8/20 ロンドン公演−第32話−
クリケットをやってる少年を横目に、
ボクたちは、グリニッチ天文台に向かった。
小高い丘を上りきると、
天文台特有のドーム型の建物が建っている。
想像していたより小さい感じがする。
今は天文台として機能はしておらず、
完全に博物館化しているようだ。
入り口らしき所から入り、チケット売り場へ。
既に天文関連グッズが所狭しと並べてある。
壁には、写真やポスター。
カウンターには、葉書やミニ望遠鏡。
もう、それだけで天文博士になった気分。
心ウキウキで、早速チケットを買う。
手にしたチケットをじっと見つめる。
コレを手に入れるために、随分長い旅をしてきたなぁ。
いや、本当の旅はこれからだ。
ここは出発点。
ここから、あの満天の星空に向かって…。
あの星のドコかに機械の体をタダでくれる星があるという。
ボクはこのチケットで、銀河鉄道999に乗れるんだ。
そして、機械の体を手に入れて…。
『目が逝っちゃってるよ。大丈夫?』
ショーン(ハンドル)のきっつぅ〜いツッコミで、
ふと我に返る。
目の前には、あっけに取られてポカンとしている
切符売りのオネェチャン。
『こ、こちらから、どうぞ。

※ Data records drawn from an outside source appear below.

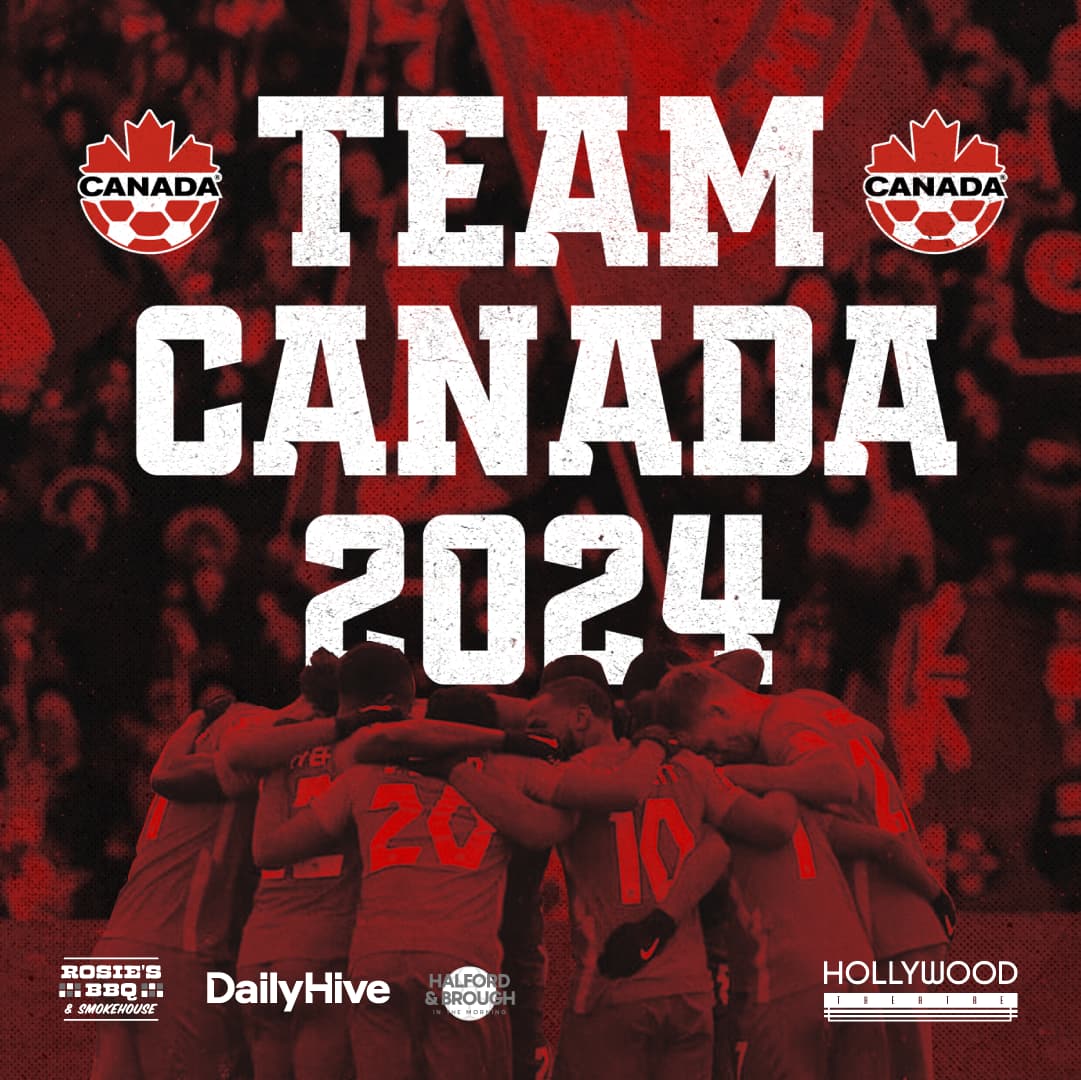 Team Canada Men's National Team Watch Parties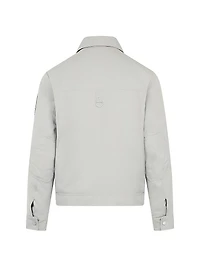 Jacque Ply Shirt Jacket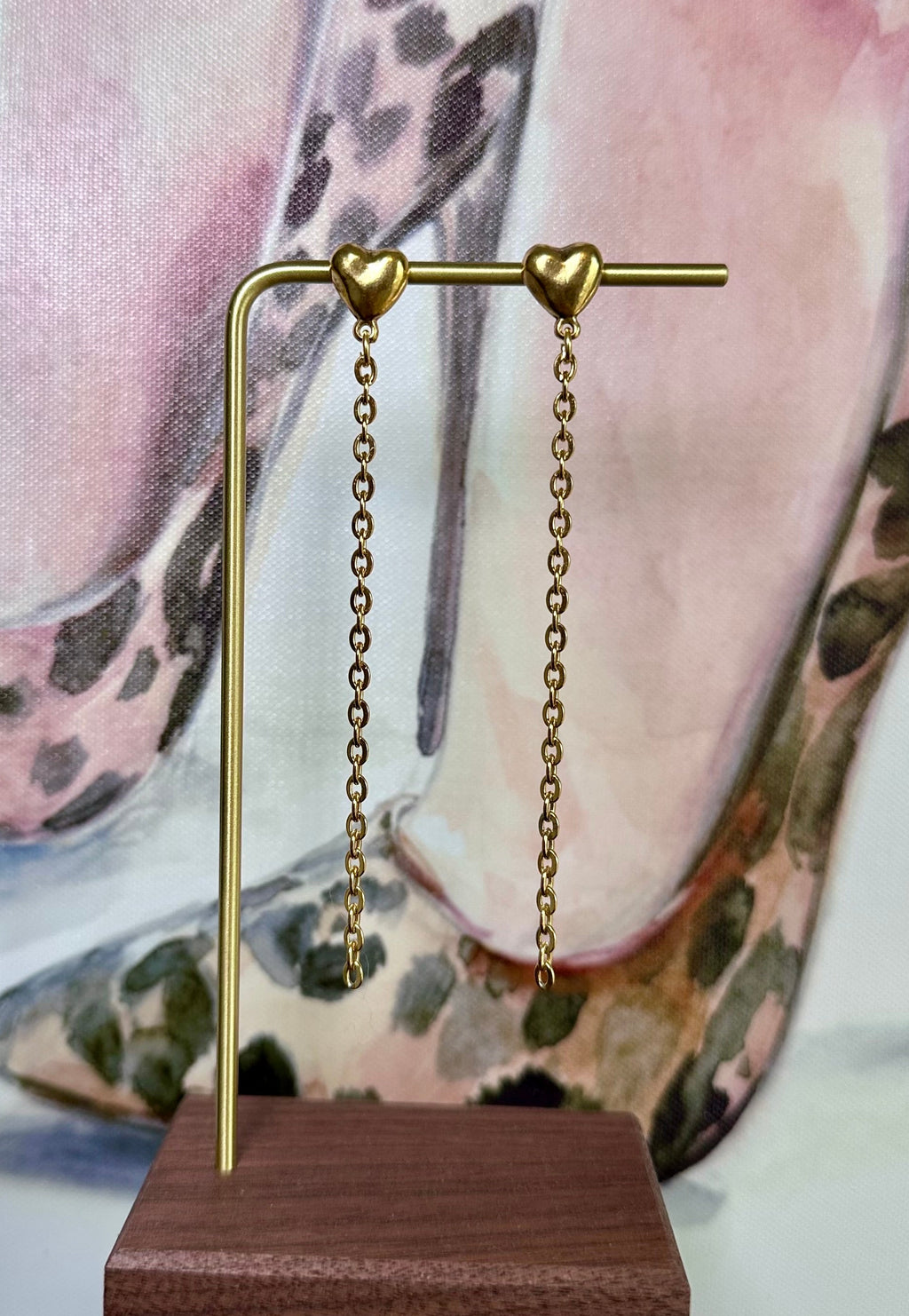 Fairy Dusters Earrings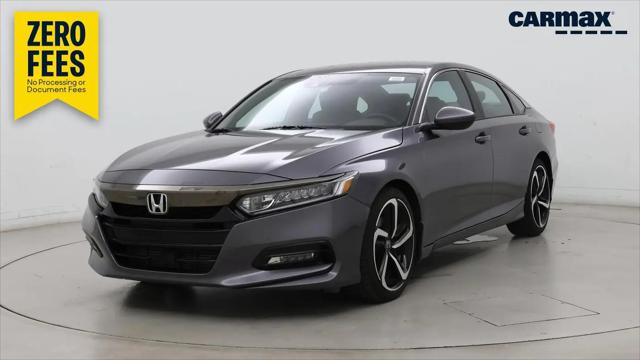 2020 Honda Accord Sport for sale in Huntsville, AL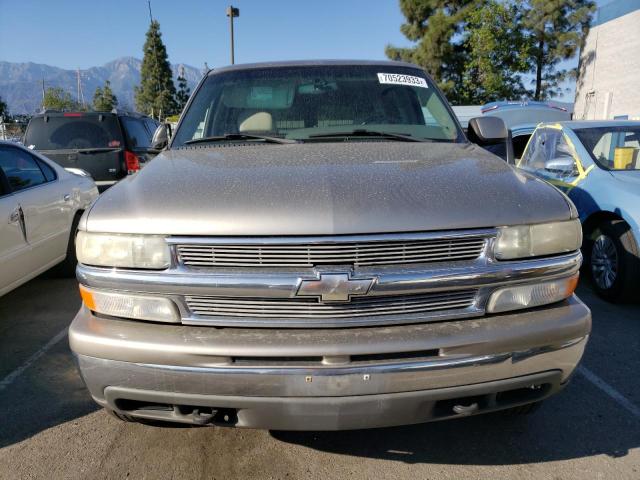 Photo 4 VIN: 3GNGK26U71G195372 - CHEVROLET SUBURBAN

』
若干引きつり気味にそう言う彼女の指差す先は、
完全に外。
えぇ〜?
今チケット買ったばかりなのに、もう終わりィ?
『いいから行けよ。(殺)』
という愛くるしい目線に従い、
ボクたちは大人しく外にでた。
するとそこには、「ここが標準時です」と記された看板があった。
更に地面には、ご丁寧に一本のラインが引いてあった。
どうやら、この線が東と西の境界線らしい。
ショーン(ハンドル)は早速それをまたいで、
東と西の虹の掛け橋ごっこを堪能している。
なるほど、それで一旦外に出るのか。
変なところで感心し、再び博物館のなかへ入る。
中には、望遠鏡の歴史やら、時計の歴史やらが、
パネルと実物展示でいろいろ説明されていた。
特に興味深々で見たのは、
その望遠鏡で観察したという星たちの話。
なになに。
ナントカ星は、地球から何光年離れていてすげ−遠いんだぁ。
へぇ〜。
ふむふむ。
カントカ星雲は、地球から何十光年離れていてちょー遠いんだぁ。
ほほぅ〜。
う〜ん、でもなぁ。
何光年とか言われても、いまいちピンと来ないんだよねェ。
こう、距離感ってのが。
なんせボクが知ってる距離の単位って言ったらタダ一つ。
…
…
メ〜トルーー!
メ〜トルーー!
メ〜トルーー!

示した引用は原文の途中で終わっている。